Unfortunately, most people choose to live paycheck to paycheck and buy things that aren't within their means. If people can't afford a $400 a month car payment (high!), then don't buy an Infiniti or BMW or whatever. Buy a Ford Focus. Buy a Chevy Cavalier (or whatever it is they call the Cavalier now) or a Honda Civic. Problem solved.
And why exactly is the purchase of a new midsize sedan at a four year term out of the price range of more Americans now than in 1964 ?
The same thing I'm saying now, which is that if you are so convinced that people can't "afford" stuff, then you should be looking at household net worth figures, instead of the duration of consumer automobile loans.
I suppose this would be a good time for you to demonstrate your credentials, or provide support for your assertion.
Because there are more bells and whistles on cars now. Midsize sedans have GPS tracking and seat warmers and rear window defoggers and air bags and anti-lock brakes and leather seats and padded dashboards and five speed automatic transmissions and get 28 mpg and go for 100,000 miles without a tune up and all the rest.
That stuff costs money. People love to look back with fond memories at old cars (or anything else for that matter,) but those old cars were pieces of crap (and unsafe!) compared to the cars we have on the road now. All in all, we're a lot better off now than before.
While it's true that some people can't afford all of this stuff, there are other options--Ford Focus, Chevy Cavalier, Honda Civic, take your pick. As far as midsize goes, Kia and Hyundai make nice midsize cars for a comparatively inexpensive price.

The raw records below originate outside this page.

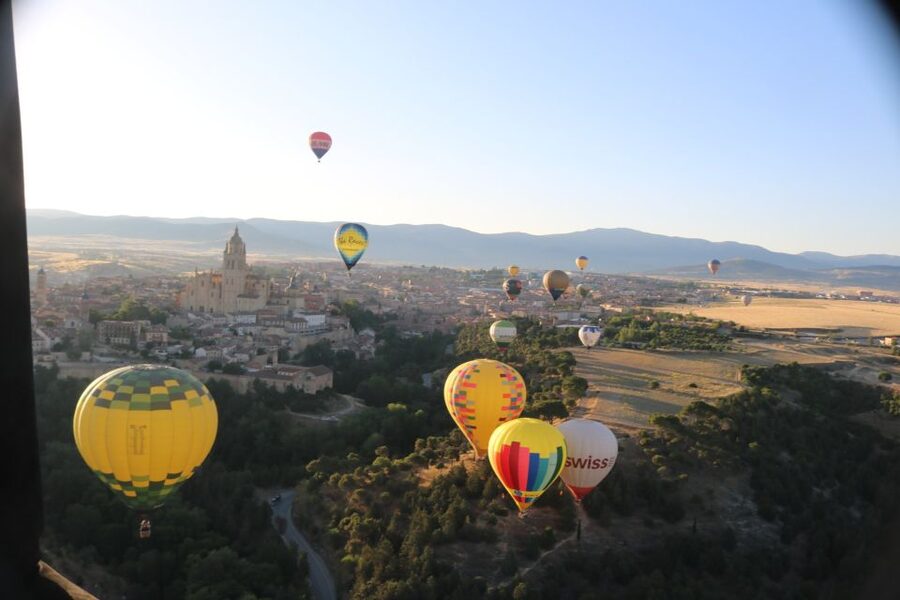 From Madrid: Hot Air Balloon over Segovia with Transfer - Who should book this experience?
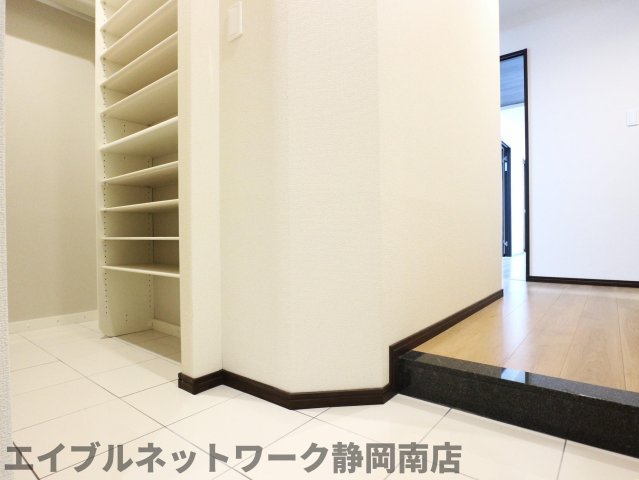 リバブル富士見台の玄関写真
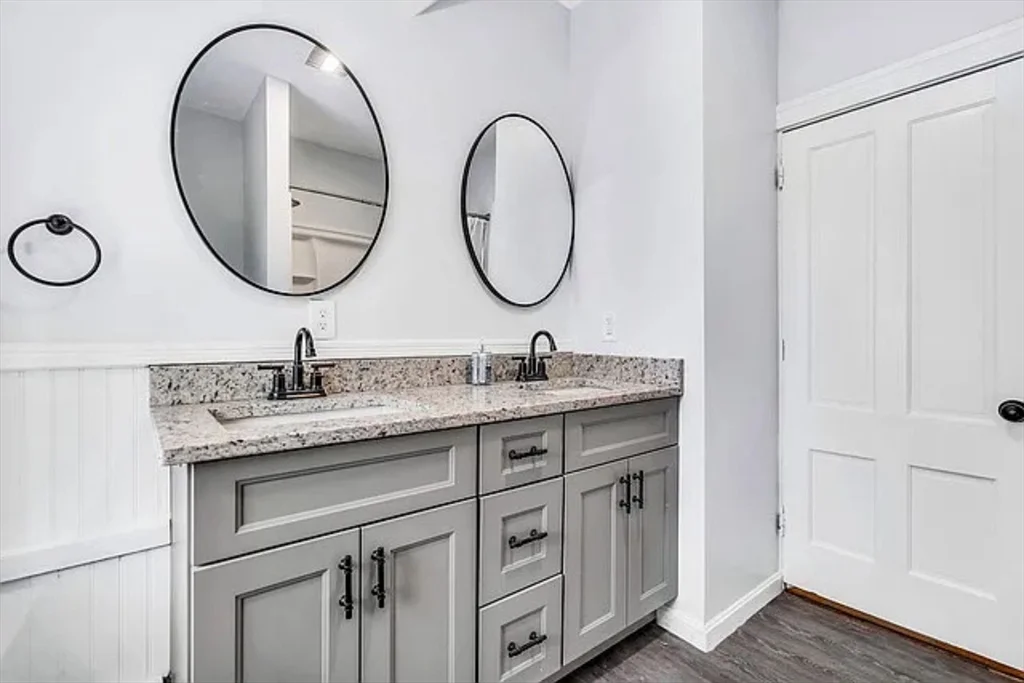 5 bed, 2 bath apartment for rent at 48 Sever St Unit 2A, Worcester — photo 13 of 14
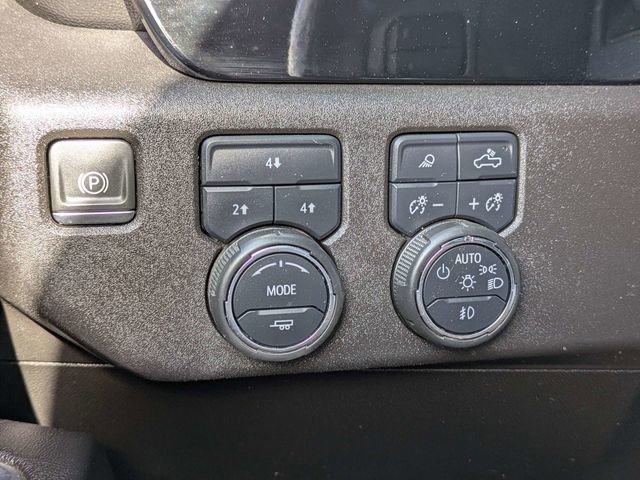 Used 2024 Chevrolet Silverado 2500 LT w/ Convenience Package image 24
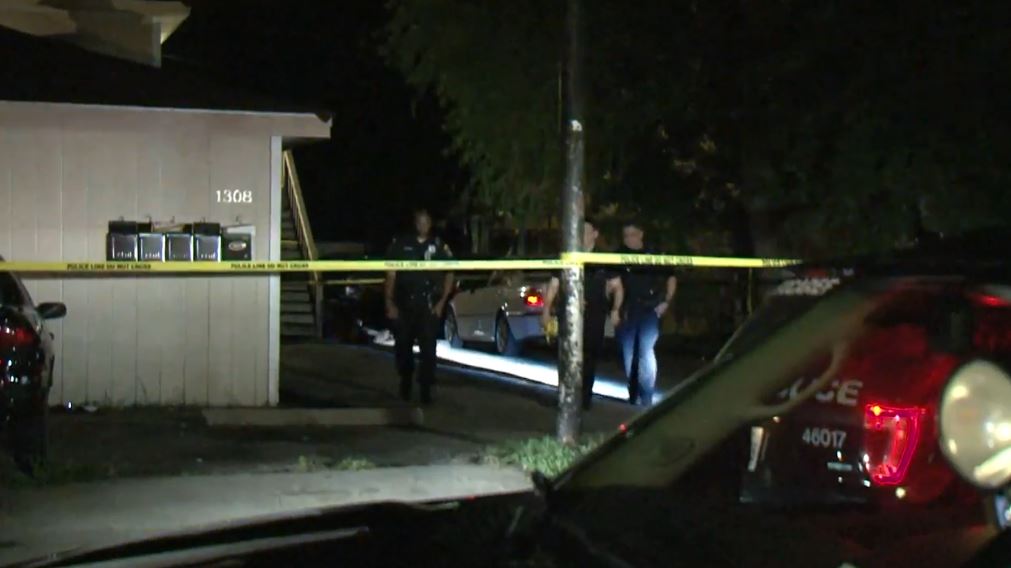 Man fatally shot in gunfight at Heights area apartment complex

And what do inflated real estate values have to do with real income ? It's real income that is relevant here. And GMAC has had to recognize that it is not what it was in 1964.
But as I pointed out, adjusted for inflation, a Kia costs pretty much what a VW Beetle cost in 1964. Car prices have been constant adjusted for inflation. Real income has not.
Please demonstrate that real income is lower now than in 1964. Thanks in advance.
Even on a Kia, though, you get things that you didn't get in a VW Beetle in 1964. You have to pay more for more things--that's just the way it goes.
A 1964 Beetle was a piece of crap. A Kia in 2005, while not the best car in the world by any stretch, is light years ahead of what a VW Beetle was in 1964.
I don't see your point. You're getting more. In life, a good rule of thumb is that you should expect to pay more when you're getting more.